WHAT TO WORK ON — Please set down, unchanged, each line from the one with "مدرب كرة سلة" to the final line of the data below, both included. Drop the pictures.

GIVEN DATA —
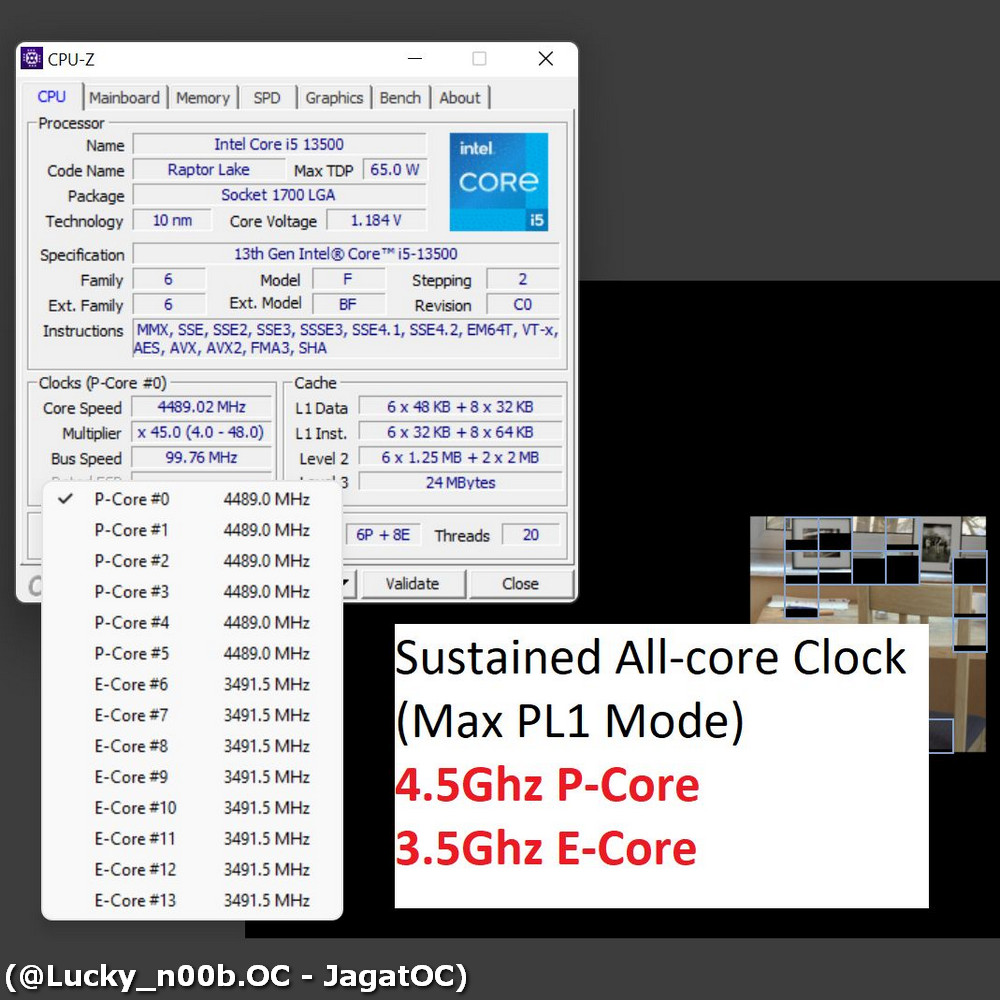 13500 cpuz 150w หลุดผลทดสอบ Intel Core i5 13500 รุ่นใหม่ล่าสุด Non K กินไฟ 65W ประสิทธิภาพแรงเกือบเท่า Core i5 12600 และ i7 12700K กันเลยทีเดียว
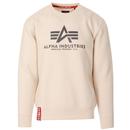 Alpha Industries Men's Retro Basic Logo Sweatshirt in Jet Stream White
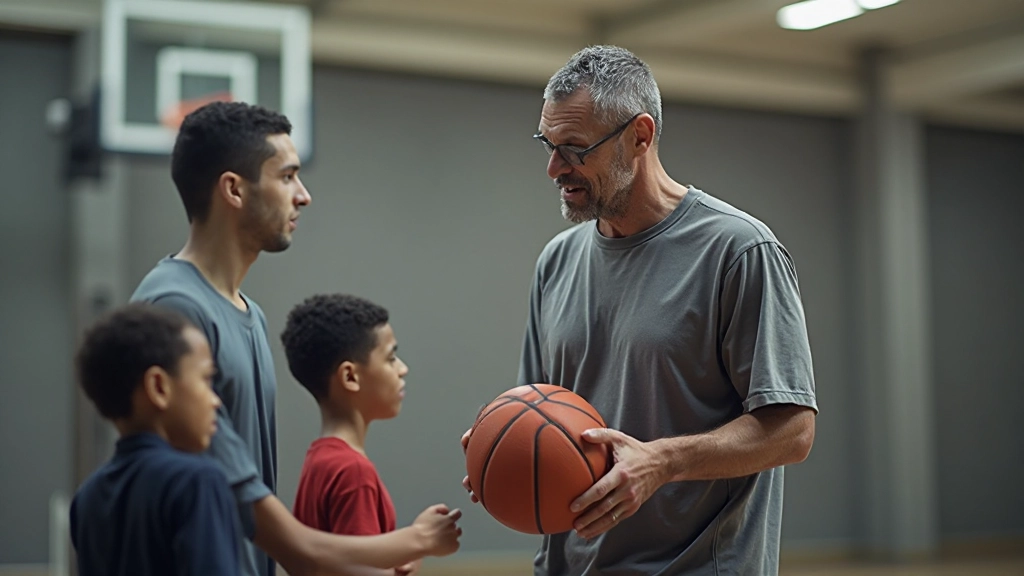 مدرب كرة سلة يراقب وينصح لاعب شاب على تحسين تقنية التصويب خلال جلسة تدريبية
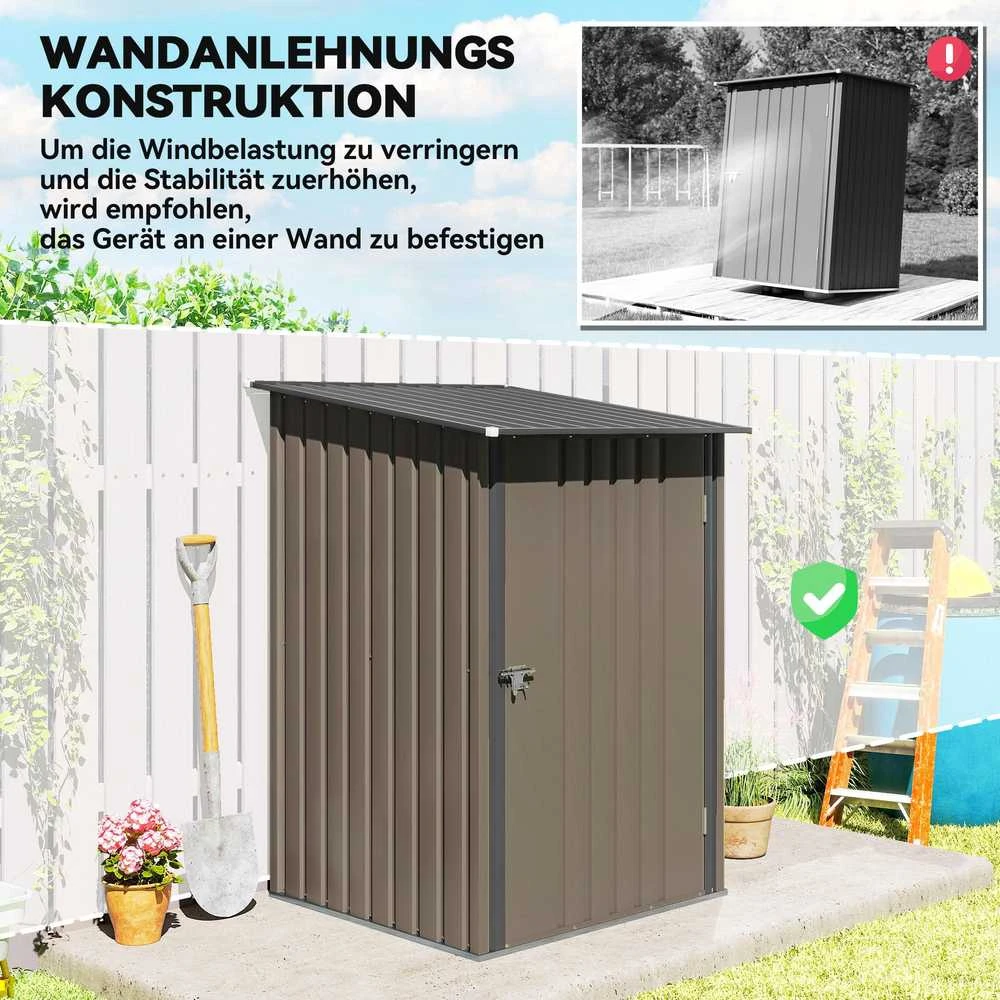Outsunny plieno sodo namelis, 0,92 m² įrankių namelis su vienšlaičiu stogu, rakinama sodo spintelė, įrankių pašiūrė, 100 x 103 x 160 cm, rudas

YOUR RESPONSE —
 مدرب كرة سلة يراقب وينصح لاعب شاب على تحسين تقنية التصويب خلال جلسة تدريبية
Outsunny plieno sodo namelis, 0,92 m² įrankių namelis su vienšlaičiu stogu, rakinama sodo spintelė, įrankių pašiūrė, 100 x 103 x 160 cm, rudas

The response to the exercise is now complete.